While there are many interesting viewpoints on display here, a few of said viewpoints are so highly iconoclastic as to be almost incomprehensible (at least to me). Two essays (Adam Johnson’s “A Call For Collaboration” and Kelley Eskridge and Nicola Griffith’s tag-team “As We Mean To Go On”) call for collaboration to become more widely accepted in the literary world. This suggestion strikes me as just slightly more acceptable than coprophagia: whatever you do in the privacy of your bedroom is your business, but your evangelism on the matter will win you few friends in polite society. Tom Bissell’s apologia for videogame culture seems almost rational on the face of it, until you realize that his defense of such “distractions” is so layered in rationalizations and caveats as to become essentially meaningless. Sure, there is little progress to be gained in arguing that videogames could not theoretically become a worthy art form, but I’m not holding my breath. If these hypothetical art games are ever created, who is to say that the benefits of a handful of interesting experiments could ever outweigh the massive and unrelentingly deleterious effects these machines have had on our culture and society?

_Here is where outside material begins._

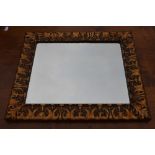 rectangular wall mirror in molded relief gilt wood frame 65 x 56cm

If there is one truth with Bookmark Now makes evident, it is that literature is a far more diverse and individual experience now than it has been at any point in our history. The balance between the sexes seems almost equal in this world of letters, if nowhere else in our society, and minority communities are, despite occasional setbacks, working towards achieving a truly representative parity in the publishing world. Also, while there is no doubt in my mind that blogging and other online interactive communication are no permanent substitute for true brick-and-mortar literacy (sorry, Sarah!), there is also no doubt that the commercial possibilities of the online world are rapidly leveling the playing field for almost anyone with the ingenuity to exploit the opportunities. I’m a blogger myself and I’ll be the first to admit that the vast majority of blogging is less Algonquin Round Table and more locker room circle jerk — to use a distasteful but particularly apt metaphor. But people like Pamela Ribon and Douglas Rushkoff (to name just two who contributed to the present volume) use their blogs to further their legitimate writing careers, so the format is not without merit. (You could probably make a much stronger case for blogging as a restorative balm to the cause of journalism than of fiction writing — but alas, no journalist presents such an argument in these pages.)

Ultimately, while there are many diverse views on display here, they all fall short before the unexpressed but omnipresent reality that reading and writing are uniquely individual enterprises. Blessed few of the essays speak of the romance of literacy in rapturous terms. But also, few of the essays even hint at the cold truth of the matter, that writing is one of the most depressing and thankless vocations any person could ever pick for themselves. Communication and self-expression are nice, but they’re nothing compared to the omnipresent self-loathing and despair that accompanies any literary endeavor. Honestly, there’s more romance to be found in shoveling shit than in slaving over a hot keyboard, and those of us who do it do so not out of joy but out of a grim and inescapable sense of purpose, which cannot be dimmed by reality.

As much as I enjoyed parts of Bookmark Now, I can’t help feeling that the volume is actually quite self-serving, a love-letter to literacy for and by those who already consider themselves enlightened. I understand the desire for optimism, but any portrait of writing that does not include at least a sliver of soul-crushing despair is a portrait of writing that bears no resemblance to the practice as it has existed throughout the centuries. But then again, football cheerleaders rarely mention steroid abuse or gang rape in the course of their fight songs, either.